Entre edificios de hormigón y vidrio todavía está la vieja casa emblema del colegio, conservada por su valor patrimonial ya que corresponde a la arquitectura centenarista de principios del siglo XX. Casualmente, Allí me entregaron el kit con la información del seminario y la credencial de ponente. No resistí las ganas de recorrer la casa. Sin permiso entré al espacio donde antes estuvo la cocina, ahora es una sala de juntas, pero mi memoria seguía viendo la estufota de potente horno y buitrón de fábula. Por magias de la nostalgia seguían allí, al costado sur el salón de profesores y al costado norte los laboratorios de física y química. Para desconcierto de la recepcionista irrumpí al recinto que antaño fue la rectoría y en mi delirio memorioso vi a doña Matilde absorta en sus cuentas y al rector, el Licenciado Alfonso Daza Dangond observándome desde su escritorio con ese aire de distinción, herencia de sus ascendientes europeos, franceses y alemanes que llegaron a su natal Villa Nueva, huyendo de sus guerras o atraídos por las riquezas fantasiosas que los conquistadores Alfinger y Federmann vieron en la península de la Guajira.

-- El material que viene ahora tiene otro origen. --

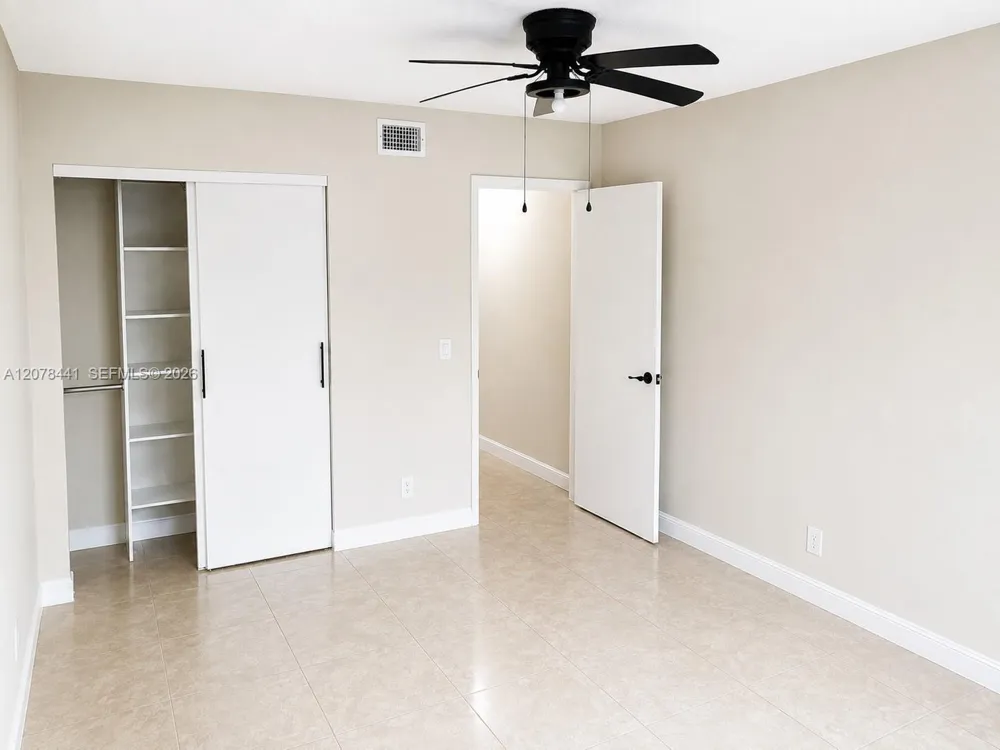 8821 Wiles Rd #304 Coral Springs, FL 33067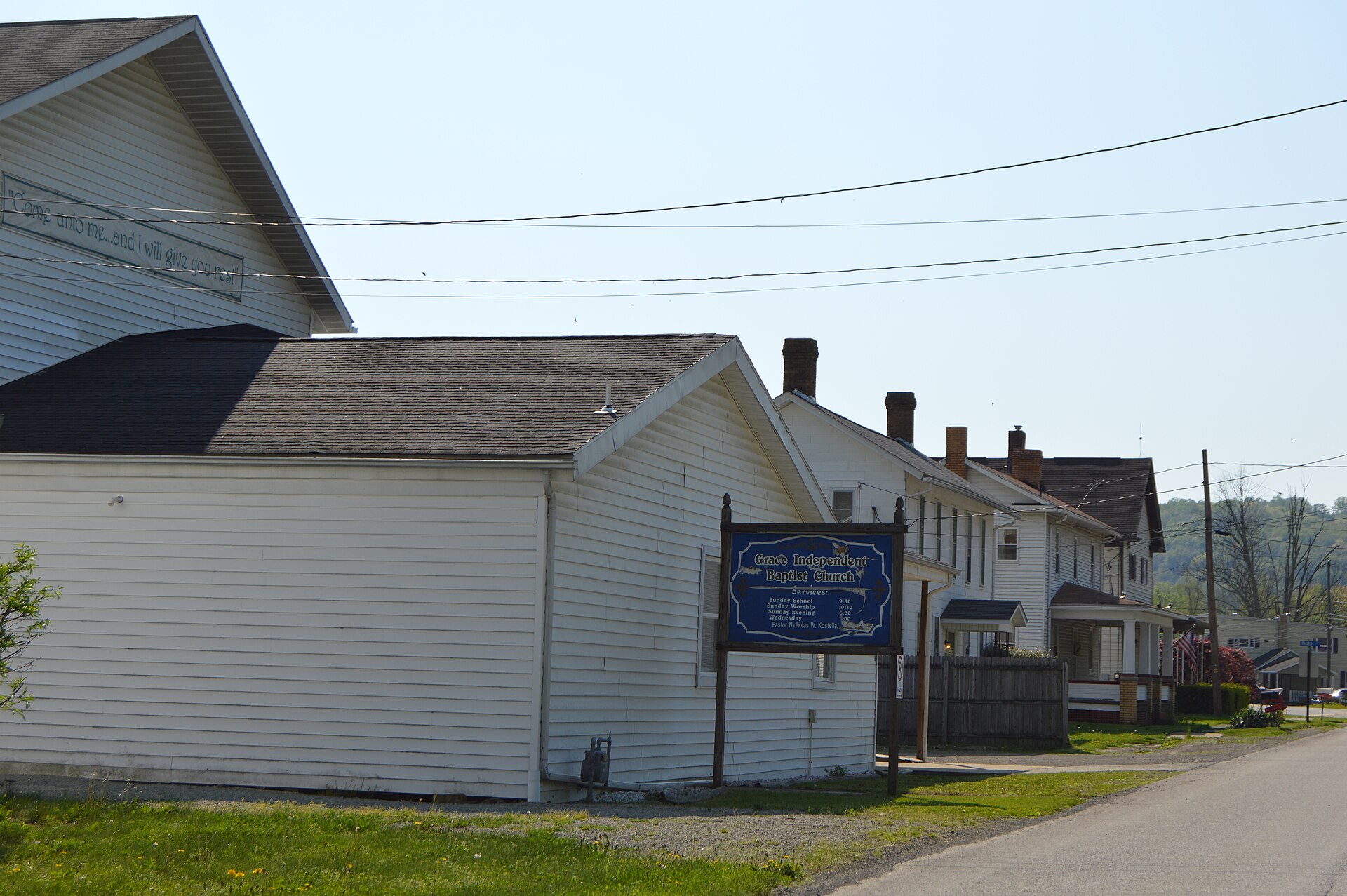 Houses and a Baptist church on the northeastern side of Main Street between Fourth and Third Streets in Shelocta, Pennsylvania, United States.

Confieso que no presté atención a las ponencias sobre las nuevas tendencias teatrales, porque en mi mente destellaban inconexas remembranzas de dacistas de mi tiempo: Recordé a Serrano luciendo su afro tan irreverente como elegante, al gordo Quintero siempre dicharachero, al fisiculturista Peña haciendo flexiones en la barra, recordé que en casa de las hermanas Munker se quedó mi colección de cómics, recordé el bus gris conducido por el paisa y a Claudia Vásquez la bella de la ruta que nos inspiró sueños libidinosos, a Silvia Lara con blusita de maternidad de moda hippie, a Raúl Celedón dotado de súper velocidad para operaciones matemáticas, Conde virtuoso guitarrista, Rumbo fortachón y acróbata, De la Espriella primer varón que vi con arete, Pedro Pablo Acosta el titiritero y Pedro Pablo Rincón taxista de las mejores calificaciones en el curso... Habría recordado a todo el alumnado de mi época de no ser porque me tocó hacer la ponencia.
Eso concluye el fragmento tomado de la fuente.